■ TASK ITEM: Before anything else, copy every record below exactly as it stands.

[DATA EXTRACTS]

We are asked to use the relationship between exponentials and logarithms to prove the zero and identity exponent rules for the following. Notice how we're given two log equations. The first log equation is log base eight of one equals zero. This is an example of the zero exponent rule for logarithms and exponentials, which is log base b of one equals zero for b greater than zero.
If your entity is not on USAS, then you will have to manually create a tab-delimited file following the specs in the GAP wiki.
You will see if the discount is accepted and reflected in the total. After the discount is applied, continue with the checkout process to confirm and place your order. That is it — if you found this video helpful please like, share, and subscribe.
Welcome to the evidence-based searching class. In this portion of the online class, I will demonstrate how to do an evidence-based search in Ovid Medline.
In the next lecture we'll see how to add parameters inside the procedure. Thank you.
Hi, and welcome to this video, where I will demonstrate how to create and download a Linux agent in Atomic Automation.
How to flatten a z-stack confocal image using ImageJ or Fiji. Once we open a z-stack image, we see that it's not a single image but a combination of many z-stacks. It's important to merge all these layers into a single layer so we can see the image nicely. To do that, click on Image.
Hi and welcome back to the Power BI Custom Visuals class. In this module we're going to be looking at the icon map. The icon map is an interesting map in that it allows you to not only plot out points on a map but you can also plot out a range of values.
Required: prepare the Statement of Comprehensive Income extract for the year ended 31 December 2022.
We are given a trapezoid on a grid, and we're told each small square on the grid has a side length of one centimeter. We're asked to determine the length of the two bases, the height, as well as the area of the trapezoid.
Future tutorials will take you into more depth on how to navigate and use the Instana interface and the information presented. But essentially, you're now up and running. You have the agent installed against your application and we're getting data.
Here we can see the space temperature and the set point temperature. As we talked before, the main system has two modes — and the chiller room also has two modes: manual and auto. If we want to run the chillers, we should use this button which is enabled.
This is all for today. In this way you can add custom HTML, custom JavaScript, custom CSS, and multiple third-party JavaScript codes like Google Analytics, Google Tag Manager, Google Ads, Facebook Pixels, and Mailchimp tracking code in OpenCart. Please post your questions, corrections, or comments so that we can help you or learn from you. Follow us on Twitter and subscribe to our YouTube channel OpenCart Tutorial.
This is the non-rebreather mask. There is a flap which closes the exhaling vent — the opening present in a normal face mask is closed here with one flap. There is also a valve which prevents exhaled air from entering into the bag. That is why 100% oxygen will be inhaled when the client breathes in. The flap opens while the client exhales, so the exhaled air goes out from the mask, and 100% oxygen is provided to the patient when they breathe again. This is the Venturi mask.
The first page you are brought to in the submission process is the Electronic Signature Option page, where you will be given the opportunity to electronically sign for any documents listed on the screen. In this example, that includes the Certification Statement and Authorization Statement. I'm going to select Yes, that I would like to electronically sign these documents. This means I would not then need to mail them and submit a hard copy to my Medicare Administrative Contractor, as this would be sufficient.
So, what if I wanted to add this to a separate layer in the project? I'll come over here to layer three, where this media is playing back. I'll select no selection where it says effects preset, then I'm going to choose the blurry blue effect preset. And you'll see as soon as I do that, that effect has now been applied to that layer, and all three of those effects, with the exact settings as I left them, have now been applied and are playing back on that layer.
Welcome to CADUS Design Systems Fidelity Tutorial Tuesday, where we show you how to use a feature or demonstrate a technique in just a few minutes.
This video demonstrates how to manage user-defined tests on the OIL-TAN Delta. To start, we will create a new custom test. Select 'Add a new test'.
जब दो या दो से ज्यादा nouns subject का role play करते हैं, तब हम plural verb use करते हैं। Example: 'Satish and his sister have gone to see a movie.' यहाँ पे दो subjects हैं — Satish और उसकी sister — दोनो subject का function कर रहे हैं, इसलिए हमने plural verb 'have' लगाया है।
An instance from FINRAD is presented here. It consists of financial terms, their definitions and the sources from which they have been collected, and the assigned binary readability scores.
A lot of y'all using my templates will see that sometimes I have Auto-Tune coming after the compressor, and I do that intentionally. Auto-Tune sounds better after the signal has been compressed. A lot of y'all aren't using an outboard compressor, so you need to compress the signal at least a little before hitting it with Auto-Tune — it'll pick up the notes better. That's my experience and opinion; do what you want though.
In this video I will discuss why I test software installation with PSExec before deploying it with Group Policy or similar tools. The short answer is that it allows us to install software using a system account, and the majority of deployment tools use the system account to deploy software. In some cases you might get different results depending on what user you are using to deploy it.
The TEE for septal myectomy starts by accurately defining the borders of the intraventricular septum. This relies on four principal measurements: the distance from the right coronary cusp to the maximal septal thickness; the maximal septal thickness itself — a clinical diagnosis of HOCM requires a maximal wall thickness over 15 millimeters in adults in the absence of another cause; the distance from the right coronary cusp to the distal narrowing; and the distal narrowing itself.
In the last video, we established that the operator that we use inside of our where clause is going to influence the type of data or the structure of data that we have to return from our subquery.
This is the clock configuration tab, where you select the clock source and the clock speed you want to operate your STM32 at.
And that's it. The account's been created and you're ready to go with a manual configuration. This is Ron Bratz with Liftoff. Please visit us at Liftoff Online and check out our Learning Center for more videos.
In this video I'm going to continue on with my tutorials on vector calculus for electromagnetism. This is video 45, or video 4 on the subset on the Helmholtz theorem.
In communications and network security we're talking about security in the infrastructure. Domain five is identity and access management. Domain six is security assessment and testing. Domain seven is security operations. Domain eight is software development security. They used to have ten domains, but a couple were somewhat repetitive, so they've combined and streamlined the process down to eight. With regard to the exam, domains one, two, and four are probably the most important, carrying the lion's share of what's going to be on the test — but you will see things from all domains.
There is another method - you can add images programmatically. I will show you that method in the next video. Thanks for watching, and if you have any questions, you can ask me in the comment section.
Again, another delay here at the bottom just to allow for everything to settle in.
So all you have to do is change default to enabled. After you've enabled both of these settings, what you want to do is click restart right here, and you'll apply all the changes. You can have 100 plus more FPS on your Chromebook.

[/DATA EXTRACTS]

■ ANSWER FOR THIS EXERCISE:
We are asked to use the relationship between exponentials and logarithms to prove the zero and identity exponent rules for the following. Notice how we're given two log equations. The first log equation is log base eight of one equals zero. This is an example of the zero exponent rule for logarithms and exponentials, which is log base b of one equals zero for b greater than zero.
If your entity is not on USAS, then you will have to manually create a tab-delimited file following the specs in the GAP wiki.
You will see if the discount is accepted and reflected in the total. After the discount is applied, continue with the checkout process to confirm and place your order. That is it — if you found this video helpful please like, share, and subscribe.
Welcome to the evidence-based searching class. In this portion of the online class, I will demonstrate how to do an evidence-based search in Ovid Medline.
In the next lecture we'll see how to add parameters inside the procedure. Thank you.
Hi, and welcome to this video, where I will demonstrate how to create and download a Linux agent in Atomic Automation.
How to flatten a z-stack confocal image using ImageJ or Fiji. Once we open a z-stack image, we see that it's not a single image but a combination of many z-stacks. It's important to merge all these layers into a single layer so we can see the image nicely. To do that, click on Image.
Hi and welcome back to the Power BI Custom Visuals class. In this module we're going to be looking at the icon map. The icon map is an interesting map in that it allows you to not only plot out points on a map but you can also plot out a range of values.
Required: prepare the Statement of Comprehensive Income extract for the year ended 31 December 2022.
We are given a trapezoid on a grid, and we're told each small square on the grid has a side length of one centimeter. We're asked to determine the length of the two bases, the height, as well as the area of the trapezoid.
Future tutorials will take you into more depth on how to navigate and use the Instana interface and the information presented. But essentially, you're now up and running. You have the agent installed against your application and we're getting data.
Here we can see the space temperature and the set point temperature. As we talked before, the main system has two modes — and the chiller room also has two modes: manual and auto. If we want to run the chillers, we should use this button which is enabled.
This is all for today. In this way you can add custom HTML, custom JavaScript, custom CSS, and multiple third-party JavaScript codes like Google Analytics, Google Tag Manager, Google Ads, Facebook Pixels, and Mailchimp tracking code in OpenCart. Please post your questions, corrections, or comments so that we can help you or learn from you. Follow us on Twitter and subscribe to our YouTube channel OpenCart Tutorial.
This is the non-rebreather mask. There is a flap which closes the exhaling vent — the opening present in a normal face mask is closed here with one flap. There is also a valve which prevents exhaled air from entering into the bag. That is why 100% oxygen will be inhaled when the client breathes in. The flap opens while the client exhales, so the exhaled air goes out from the mask, and 100% oxygen is provided to the patient when they breathe again. This is the Venturi mask.
The first page you are brought to in the submission process is the Electronic Signature Option page, where you will be given the opportunity to electronically sign for any documents listed on the screen. In this example, that includes the Certification Statement and Authorization Statement. I'm going to select Yes, that I would like to electronically sign these documents. This means I would not then need to mail them and submit a hard copy to my Medicare Administrative Contractor, as this would be sufficient.
So, what if I wanted to add this to a separate layer in the project? I'll come over here to layer three, where this media is playing back. I'll select no selection where it says effects preset, then I'm going to choose the blurry blue effect preset. And you'll see as soon as I do that, that effect has now been applied to that layer, and all three of those effects, with the exact settings as I left them, have now been applied and are playing back on that layer.
Welcome to CADUS Design Systems Fidelity Tutorial Tuesday, where we show you how to use a feature or demonstrate a technique in just a few minutes.
This video demonstrates how to manage user-defined tests on the OIL-TAN Delta. To start, we will create a new custom test. Select 'Add a new test'.
जब दो या दो से ज्यादा nouns subject का role play करते हैं, तब हम plural verb use करते हैं। Example: 'Satish and his sister have gone to see a movie.' यहाँ पे दो subjects हैं — Satish और उसकी sister — दोनो subject का function कर रहे हैं, इसलिए हमने plural verb 'have' लगाया है।
An instance from FINRAD is presented here. It consists of financial terms, their definitions and the sources from which they have been collected, and the assigned binary readability scores.
A lot of y'all using my templates will see that sometimes I have Auto-Tune coming after the compressor, and I do that intentionally. Auto-Tune sounds better after the signal has been compressed. A lot of y'all aren't using an outboard compressor, so you need to compress the signal at least a little before hitting it with Auto-Tune — it'll pick up the notes better. That's my experience and opinion; do what you want though.
In this video I will discuss why I test software installation with PSExec before deploying it with Group Policy or similar tools. The short answer is that it allows us to install software using a system account, and the majority of deployment tools use the system account to deploy software. In some cases you might get different results depending on what user you are using to deploy it.
The TEE for septal myectomy starts by accurately defining the borders of the intraventricular septum. This relies on four principal measurements: the distance from the right coronary cusp to the maximal septal thickness; the maximal septal thickness itself — a clinical diagnosis of HOCM requires a maximal wall thickness over 15 millimeters in adults in the absence of another cause; the distance from the right coronary cusp to the distal narrowing; and the distal narrowing itself.
In the last video, we established that the operator that we use inside of our where clause is going to influence the type of data or the structure of data that we have to return from our subquery.
This is the clock configuration tab, where you select the clock source and the clock speed you want to operate your STM32 at.
And that's it. The account's been created and you're ready to go with a manual configuration. This is Ron Bratz with Liftoff. Please visit us at Liftoff Online and check out our Learning Center for more videos.
In this video I'm going to continue on with my tutorials on vector calculus for electromagnetism. This is video 45, or video 4 on the subset on the Helmholtz theorem.
In communications and network security we're talking about security in the infrastructure. Domain five is identity and access management. Domain six is security assessment and testing. Domain seven is security operations. Domain eight is software development security. They used to have ten domains, but a couple were somewhat repetitive, so they've combined and streamlined the process down to eight. With regard to the exam, domains one, two, and four are probably the most important, carrying the lion's share of what's going to be on the test — but you will see things from all domains.
There is another method - you can add images programmatically. I will show you that method in the next video. Thanks for watching, and if you have any questions, you can ask me in the comment section.
Again, another delay here at the bottom just to allow for everything to settle in.
So all you have to do is change default to enabled. After you've enabled both of these settings, what you want to do is click restart right here, and you'll apply all the changes. You can have 100 plus more FPS on your Chromebook.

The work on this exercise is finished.